貴族がそうであるように、アントニア一家も無残な没落を味わってしまいます。
それもその筈、人から奪い続けていると今度は自分が奪われる側になるからです。
奪い続けた人には何のリターンもなく、周りからどんどん人が離れていくでしょう。
没落
2つ目に、アントニア一家もまた伯爵家がそうであるように、どこかで没落するでしょう。
伯爵家だって村人から散々奪い続けたから、ある拍子にボロが出て落ちぶれたのです。
しかし、こういうタイプに限って「憎まれっ子世にはばかる」で長生きしたりします。
本作に出てくる登場人物はラザロ以外根本的に根性だけはやたらと凄いのです。
下卑た目で人を見て蔑み、時には嫉妬心でどんどん人から奪っていきます。
ですから、村人共々落ちぶれていく未来がラストの結末からも窺えるでしょう。
次の寄生先へ
そして3つ目に、落ちぶれたとしてもまた次の寄生先となる貴族を探すのではないでしょうか。
アントニア一家は動物にたとえるなら下卑たハイエナであり、常に目を凝らしています。
ハイエナは美味しそうな人や動物がやって来ると、容赦なく寄生して奪っていくのです。
ですから、村を出て伯爵家に代わる次の貴族を探して取り入ろうとするのではないでしょうか。
しかし、悪銭身につかずであり、ズルをして手に入れたお金などすぐさまなくなってしまいます。
彼らが長生き出来たとしても、決して輝かしい未来を歩むことはないでしょう。
超富裕層が表に姿を現さない理由
本作のラザロの末路を見ていくと、超富裕層が表に姿を現さない理由が見えてきます。
特に村社会のような所に姿を現すと、村人たちやアントニア一家が奪おうとするからです。
超富裕層はそれを熟知しているからこそ、名前を決して出さずに社会貢献や寄付をしています。
ラザロはそういう意味で、運と人に恵まれなかっただけで資質は十分に超富裕層なのです。
だから、村人たちから搾取していた伯爵家は真のお金持ちではなく、成金の似非富裕層となります。
現代にも通じる根本的な社会の成り立ちやお金持ちの仕組みを逆説的に描いた寓話なのです。
真の幸福は目に見えない
本作が最終的に発しているメッセージは「真の幸福は目に見えない」ではないでしょうか。
伯爵家は確かに「見てくれ」は美しそうで豪華絢爛ですが、幸福度は非常に低いのです。
逆に、ラザロはお金持ちではないですが、内面の幸福度は誰よりも高く真に美しい人でした。

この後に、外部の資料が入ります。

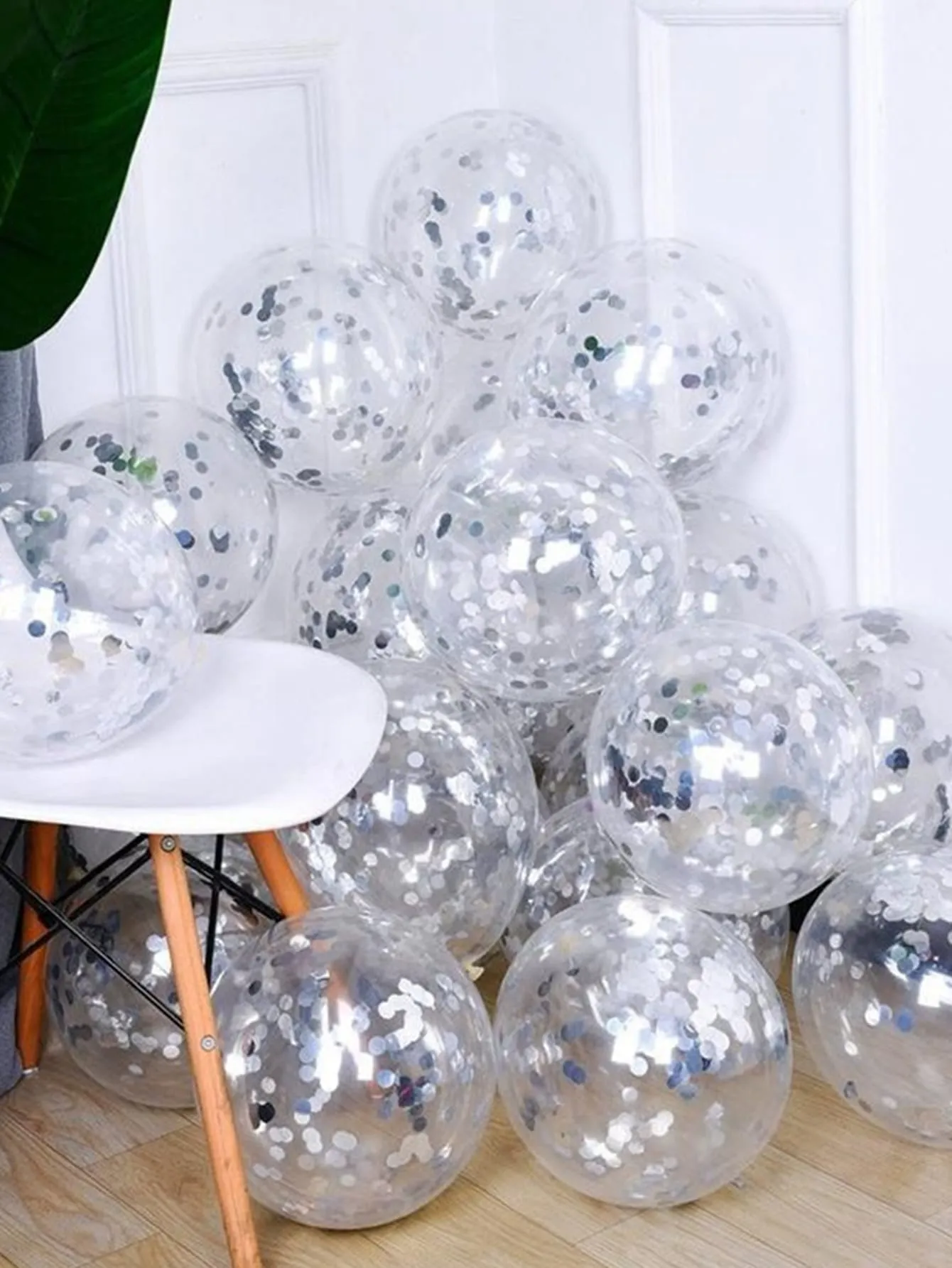 12pcs Sequin Decor Clear Balloon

そう、真に凄い人や美しいものは自ら見られることを望まず、ひっそりと佇んでいます。
すなわち、この映画は受け手の我々に作品を通してどのような人間かを問うているのです。
ラザロのように人に与える側の人間か、それとも村人たちや伯爵家のように人から奪う側の人間か。
現代社会の構造を名作劇場の作劇で料理した寓話として、映画史に残り続ける傑作でしょう。